How Vercel Cut Build Wait Times From 90 Seconds To 5
Vercel achieved an 18x speedup by deliberately choosing a harder foundation—microVMs instead of containers—because their threat model (running untrusted customer code on shared hardware) demanded it, then stacking three optimizations on top.
Read Original Summary used for search
TLDR
• Containers were inadequate for "hostile multi-tenancy" because they share a kernel—one exploit could reach every customer's build on the same machine
• Firecracker microVMs provide VM-level isolation (separate kernels, CPU-enforced boundaries) at near-container speed: 125ms boot, few MB memory vs 30-60s for traditional VMs
• The 90s→5s drop came from three layers: faster boots via image caching and block device snapshotting, warm pools of pre-booted cells, and Firecracker's baseline speed
• Every cell is destroyed after each build (not reused) as a security choice—prevents customer state leakage even though reuse would be faster
• Building from primitives instead of using Kubernetes cost massive engineering effort but gave leverage to ship features like Secure Compute that would've been impossible on someone else's platform
In Detail
Vercel's Hive platform runs thousands of customer builds on shared infrastructure, which creates a "hostile multi-tenancy" problem: every build script could be a deliberate exploit trying to escape its sandbox and access other customers' data.
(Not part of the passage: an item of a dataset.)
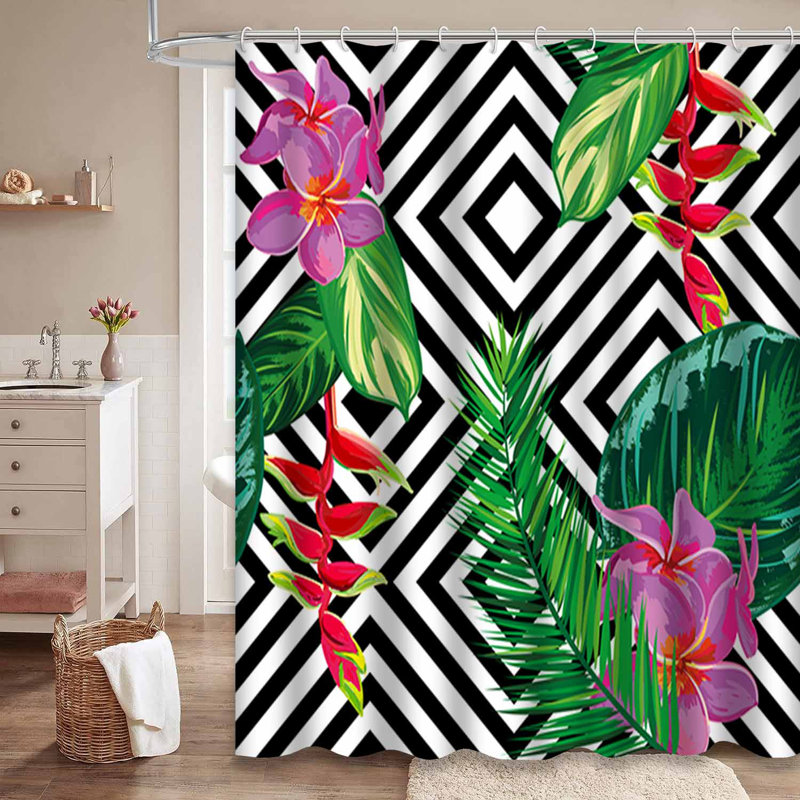 Magnifique rideau de douche à motif floral avec 12 crochets, 72" L x 78" W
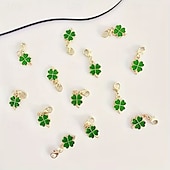  12PCS St. Patrick's Day Green Shamrock Alloy Keychains with Lobster Clasp, Essential Party Favors for Graduation, Wedding, and Holiday Decorations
Containers were the obvious choice, but they share a Linux kernel across all containers on the same machine—a single kernel exploit would breach every customer's build. Traditional VMs provide true isolation (separate kernels) but take 30-60 seconds to boot, making them impractical for 2-minute builds.
Vercel adopted Firecracker, AWS's open-source microVM technology originally built for Lambda. Firecracker boots in 125ms and uses only a few MB of memory while providing VM-level isolation with CPU-enforced boundaries. Each customer build runs in a "cell" (one Firecracker microVM containing one container), and cells are destroyed after every build rather than reused—a deliberate security choice that prevents state leakage between customers. The architecture splits orchestration between a box daemon (on the physical machine) and a cell daemon (inside each microVM), with dedicated CPU/memory per cell but rate-limited disk/network.
The 18x provisioning speedup came from three compounding optimizations. First, faster cold starts: caching the build container image locally (saving 45s) and using block device snapshotting to start from a saved disk image instead of building from scratch. Second, warm pools: keeping pre-booted cells idle and waiting, so most builds skip the 5-second cold path entirely. Third, Firecracker's baseline speed makes warm pools practical—traditional VMs would require enormous pools to keep up with demand. The result was a 30% overall build performance improvement and 40% improvement for cold-path builds. The trade-off is real cost: warm pools burn money on idle compute, and building from primitives required massive engineering investment versus using Kubernetes. But owning the substrate enabled product features like Secure Compute that would've been nearly impossible on top of someone else's platform. The lesson isn't "use microVMs"—it's that starting with the correct primitive for your threat model, even if harder, creates a foundation where optimizations compound.